The report made a number of recommendations, including:

• A new national emergency management agency with a stronger role in setting and enforcing national standards.
• Giving mayors primary authority for declaring states of local emergency, as well as the option to declare a "major incident".
• National standards and professional development for all emergency management staff.
• A cadre of professionals to act as "fly-in teams" covering planning, logistics, intelligence and communications.
• Including iwi in the response to emergencies.
• A new fit-for-purpose all-of-government National Crisis Management Centre with capability for 24/7 monitoring and alerting.


The report said the National Crisis Management Centre, known as the Beehive Bunker, as "outmoded and no longer fit-for-purpose".

Faafoi said a new bunker would come with a hefty price tag and would be a longer-term consideration.

"The bunker as it stands will do the job if something were to happen tomorrow, heaven forbid."

He said a "fly-in" team should be seriously considered, but would also come with a price tag.

"Fly-in" teams helped with the Kaikoura earthquake, as well as the Whakatane cyclones and the drinking water contamination in Havelock North.
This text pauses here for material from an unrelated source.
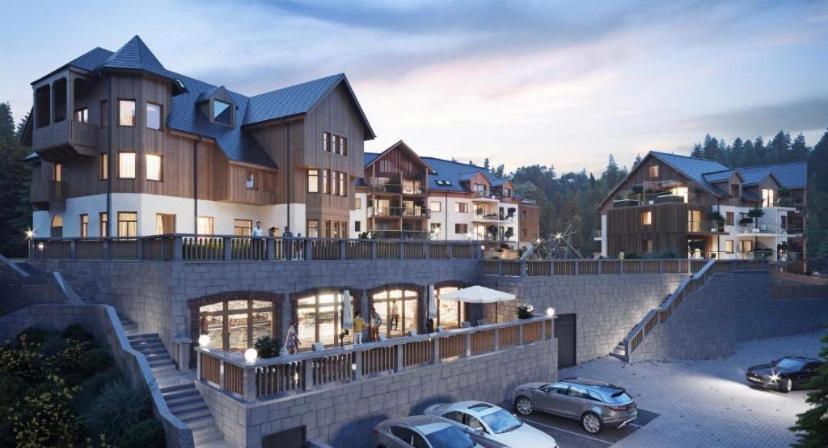 Modern Stone Hill Apartment Schreiberhau Exterior foto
"These staff have not, however, been ready to go on an hour's notice, so deployment has taken a day or two," the report said.

"Our findings indicate that this 'fly-in team' is a much-needed resource that would provide assurance - to the public and to the Government."

Faafoi said the role of iwi should be formalised, which would have prevented the situation in Kaikoura where local iwi were denied emergency resources, even though they were feeding and housing people in the marae.

"There was some frustration there. [We should be] making sure they have some official standing in the response."

Faafoi will take the next four months to consult with key stakeholders on the recommendations. With cross-party support, legislative changes could be in place within a year - or sooner, if necessary.